Tag: four link

Dear Welder Series… how much hp?

Dear Welder Series…
How much hp does your universal 4 link kit support? And can you estimate shipping to Saskatoon SK.

Dear Jesse…
A lot depends on the tires you are running and how you plan to beat on things. We build parts for street rods and feel they are top quality. A parallel rear 4-link kit does not give the same traction advantage that a race-type, non-parallel 4-link does. Freight from our door to yours is 10% of the order with a minimum charge of $15 and a maximum charge of $60.
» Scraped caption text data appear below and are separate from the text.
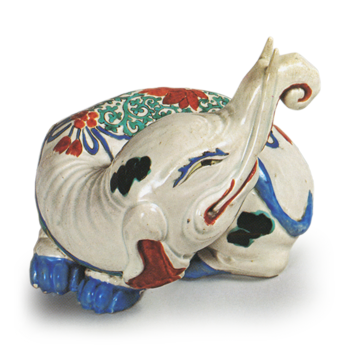 Figure of elephant, enamelled ware
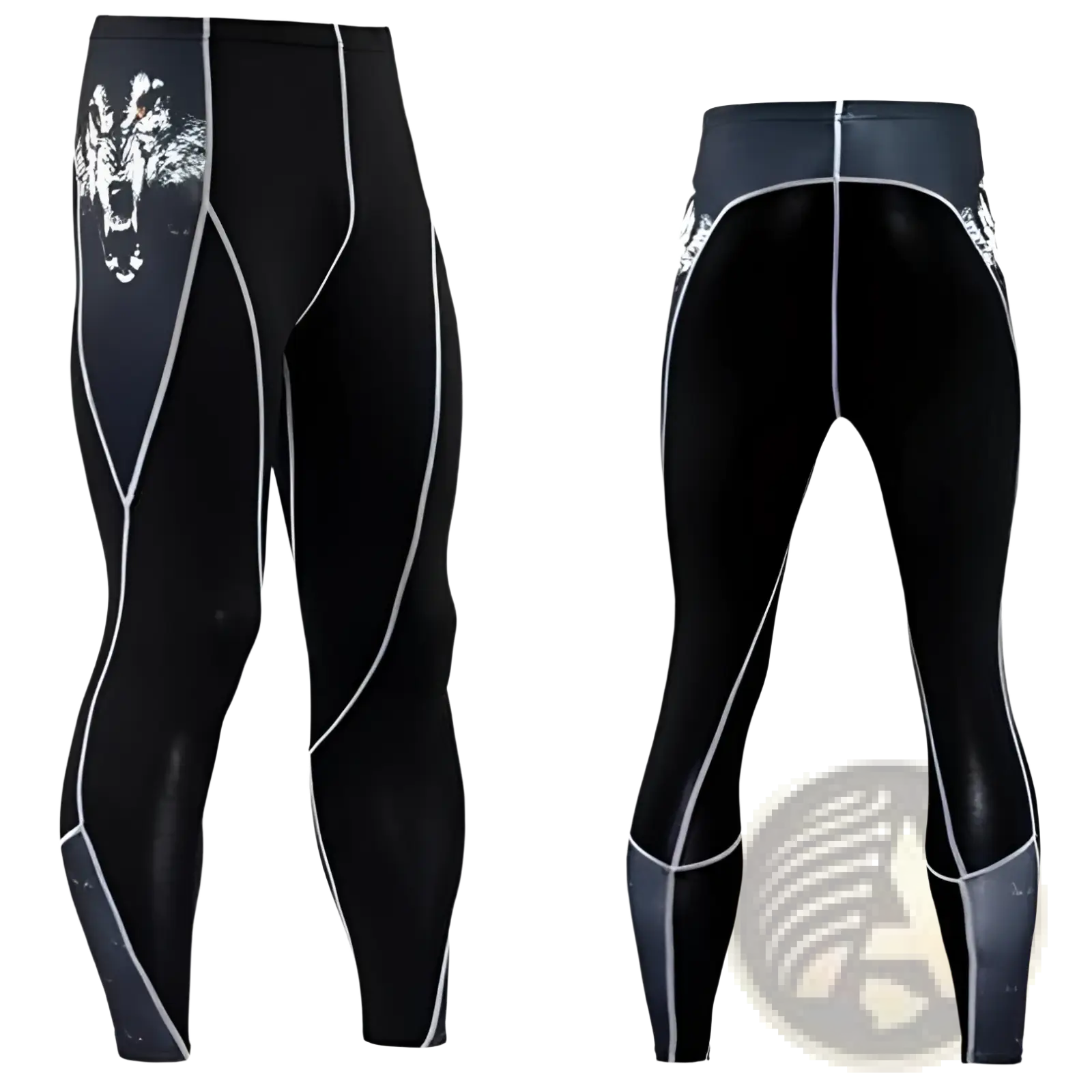 Men’s black compression pants with white wolf graphic and gray side accents designed for athletic performance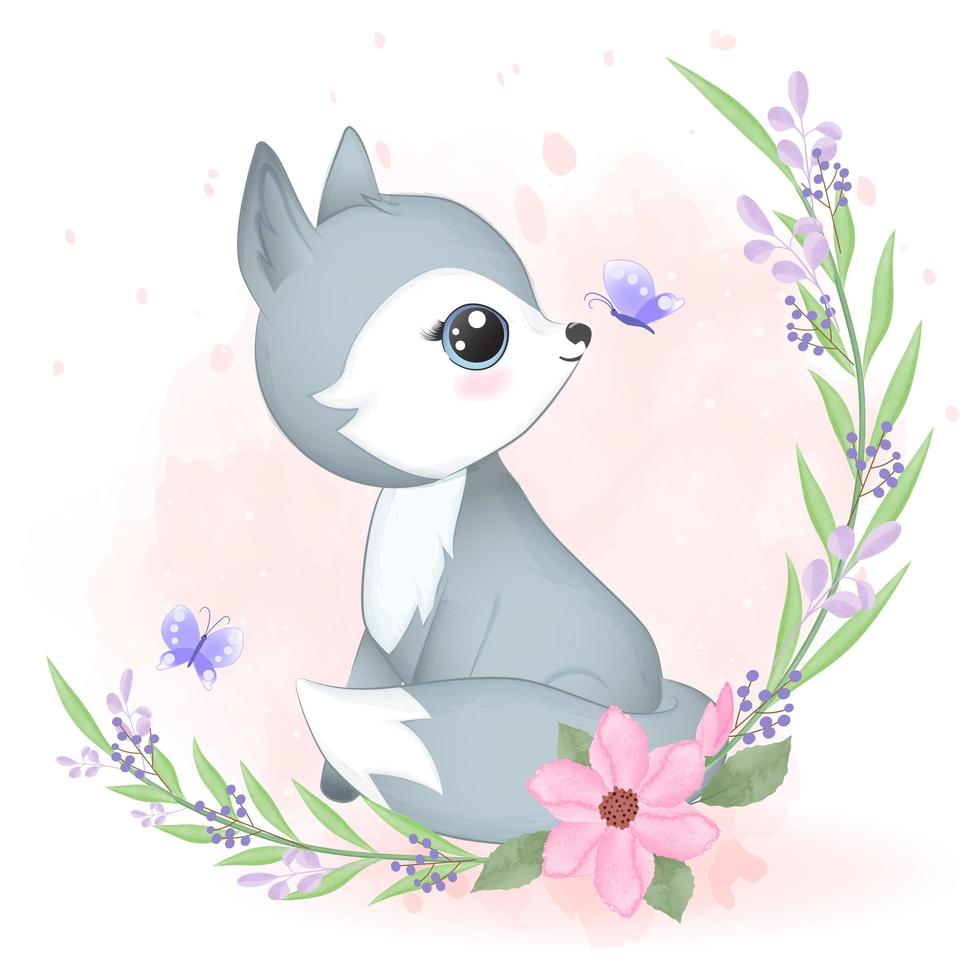 Little Fox and flora frame vector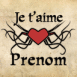 Tatouage tribal coeur "Je t'aime"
Dear Welder Series… coil over specs?

Dear Welder Series…
I just purchased a 1950 Chevy 3100 truck where the seller installed WS21906 in the front and WS318500 in the rear of the original frame. I was hoping you could suggested an affordable set of coil overs that would work with this setup. Unfortunately I have no idea as to what I should be looking for in terms of the stroke, lengths, dampening, etc.. Thank you.

Yuchol

Dear Yuchol…
Congratulations on your new project! These are great looking trucks.

I suggest blocking the truck at ride height to establish coil-over ride height.

If the upper mounts for the front shocks have been installed, the ride height for the coil-overs will be the center-to-center distance between the mounting holes on the lower arms and the brackets. If the frame plates have not been installed, click here for the manual…pages 2 and 13 will help.

If the rear crossmember has been installed to mount the top of the coil-overs, the truck’s ride height you have chosen with the mock-up will give you the coil-over ride height. If there isn’t yet a place to mount the top of the coil-over, please consider the crossmember

 

The coil-over mounting angle is discussed here. The coil-over ride height can be determined when you mock up the crossmember and mounting points.

Regarding the coil-over stroke, generally longer is better as it will offer more suspension travel. Other factors or interference points also come into play. Viking, RideTech and other North American companies make quality coil-overs.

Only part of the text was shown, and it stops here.